Kidney Stone Signs and Symptoms
My name is Dr. Dileep Bhat, I'm a urologist at the Brookings Health System and I've been here for a year now. Before that, I practiced Urology in Mitchell for 34 years. I did my medical school training in India, and then I did my General Surgery and Urology residency training programs in New York City.
What are kidney stones?
Kidney stones are, obviously, stones that form in the urinary tract—that could be the kidneys, the two ureters that bring the urine down from the kidney to the bladder, in the bladder or in the urinary passage.
What are the symptoms of kidney stones?
Sometimes, you can have kidney stones with no symptoms, because symptoms usually develop when they start blocking the urine flow, but you can have blood in the urine. It could be what we call gross hematuria, where the blood is quite obvious in the urine, or it could be microscopic hematuria, where you can't see it with the naked eye, but you can see it under the microscope. If it blocks the kidney, then you can have severe pain. Urinary pain will be in the flank, coming around to the front. Also, kidney stones can cause urine infections. Those are some of the things that can lead to diagnosis of kidney stones.
What causes kidney stones?
Kidney stones form because there's too much of a certain chemical in the urine. Most kidney stones are calcium stones. So it's usually calcium, that is, too much calcium being put out by the kidneys, they get deposited in the urine, and that's how kidney stones form. There are other chemicals that form stones too. There are what we call uric acid stones, there are what is called cysteine stones, and there are infection stones that form in infected urine called struvite stones.

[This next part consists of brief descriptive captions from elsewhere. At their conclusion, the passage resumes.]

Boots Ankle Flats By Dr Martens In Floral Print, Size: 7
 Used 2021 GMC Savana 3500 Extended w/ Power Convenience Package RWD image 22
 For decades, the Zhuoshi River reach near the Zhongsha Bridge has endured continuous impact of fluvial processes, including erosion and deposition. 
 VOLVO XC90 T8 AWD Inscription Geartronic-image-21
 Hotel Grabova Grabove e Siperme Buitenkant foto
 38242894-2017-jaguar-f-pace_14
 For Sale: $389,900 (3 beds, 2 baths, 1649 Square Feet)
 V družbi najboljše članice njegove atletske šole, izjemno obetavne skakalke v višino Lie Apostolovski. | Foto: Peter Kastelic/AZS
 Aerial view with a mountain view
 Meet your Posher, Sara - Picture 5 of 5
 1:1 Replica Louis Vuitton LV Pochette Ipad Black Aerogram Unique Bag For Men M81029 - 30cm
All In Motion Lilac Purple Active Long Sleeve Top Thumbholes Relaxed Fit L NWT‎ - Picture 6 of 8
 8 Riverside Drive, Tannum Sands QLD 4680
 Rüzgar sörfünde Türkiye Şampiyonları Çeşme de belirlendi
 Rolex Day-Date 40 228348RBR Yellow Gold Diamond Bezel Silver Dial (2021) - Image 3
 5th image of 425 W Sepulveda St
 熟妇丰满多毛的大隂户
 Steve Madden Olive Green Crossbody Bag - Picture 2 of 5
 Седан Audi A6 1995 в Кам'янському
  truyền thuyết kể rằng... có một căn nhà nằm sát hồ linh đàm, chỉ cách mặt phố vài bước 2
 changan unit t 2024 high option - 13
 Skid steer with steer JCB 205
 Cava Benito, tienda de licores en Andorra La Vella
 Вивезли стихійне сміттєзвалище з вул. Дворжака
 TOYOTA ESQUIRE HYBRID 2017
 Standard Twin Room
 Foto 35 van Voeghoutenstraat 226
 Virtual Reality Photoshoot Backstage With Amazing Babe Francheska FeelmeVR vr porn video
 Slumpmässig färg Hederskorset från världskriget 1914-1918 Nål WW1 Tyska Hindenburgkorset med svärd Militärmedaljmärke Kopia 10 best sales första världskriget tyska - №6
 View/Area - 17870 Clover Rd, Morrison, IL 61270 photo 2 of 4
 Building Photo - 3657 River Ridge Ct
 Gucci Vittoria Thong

Sometimes, it can be genetic, and so a lot of times there will be a strong family history of kidney stones. It can be a genetic defect that some kids are born with and they get kidney stones really early in life. Even babies, sometimes, can have kidney stones.
Other reasons for kidney stones is diet—a diet that is very rich in fat, high meat content or high salt content. If you don't drink enough water, you get dehydrated. That can lead to kidney stones.
Who is at risk for kidney stones?
If you've got a family member who has had kidney stones, then obviously, you are at higher risk for kidney stones. Also, some patients who have bowel absorption problems. Sometimes, there are patients who have had bypass surgery, or they have inflammatory disease of the bowel, like ulcerative colitis, regional ileitis, or Crohn's Disease. They can also have kidney stones because of the altered metabolism in the body.
How do you diagnose kidney stones?
Typically, a patient presents to the hospital unit or comes to the emergency room or the clinic complaining of pain or blood in the urine. Obviously, we check the urine for blood in it or for any signs of infection. Also, the most common test, or standard tests which are designed to diagnose kidney stones is a CT scan. That tells us, first of all, if there's a kidney stone. If it's a kidney stone, is it in the kidney, in the ureter or the bladder? And also, it tells us if there is a blockage causing backflow of the urine to the kidneys.
How do you treat small kidney stones?
Typically, anything four millimeters or less in size, we consider it a small stone. These are the stones that have a very good chance of passing on their own. So, if we see a small stone and the patient is not septic, not running a fever or chills, usually we'll just tell them to drink lots of fluids, try and pass the stone on their own in the urine, and give them pain medication as needed. If they are larger stones, then they can block the kidney, cause a lot of pain, and they sometimes will need treatment.
How do you treat large kidney stones?
If there's a large stone that does not pass on its own, the treatment depends on where the stone is located. If it's in the ureter—which is a tube between the kidney and the bladder—and closer to the bladder, it's easier to take it out with a scope. So, under anesthesia, I pass the scope through the opening to the urinary tract, get into the bladder, and then pass the scope into the tube on the side that the stone is located. If it's a small stone, I can take it out intact using an instrument called a stone basket. If it's too large to take out intact, I can break it up with a laser machine and then take the small pieces out.
Now, if the stone is located in the kidney, sometimes I'll break it up using what is called a shock-wave machine. It's called ESWR which stands for extracorporeal shock-wave lithotripsy. This is a machine that generates shocks from outside the body. I position the patient using x-rays in such a way that the shock-waves meet at the stone. The shock-waves break up the stone and it's fine gravel. Then, they pass the gravel in the urine.
What is recovery like after surgery?
After the kidney stone surgery, they are usually in the recovery room and under observation. Usually within a few hours of the procedure they're able to go home. Usually, we leave a stent in there, and this is to let that area heal up from the procedure. For about a week after the procedure, they should not be doing any heavy lifting or straining. After a week, I take the stent out, usually in the clinic under local anesthesia.
Would you recommend Brookings Health System?
Oh, absolutely. We have the equipment that's needed and the expertise to do it, so I definitely recommend doing it here.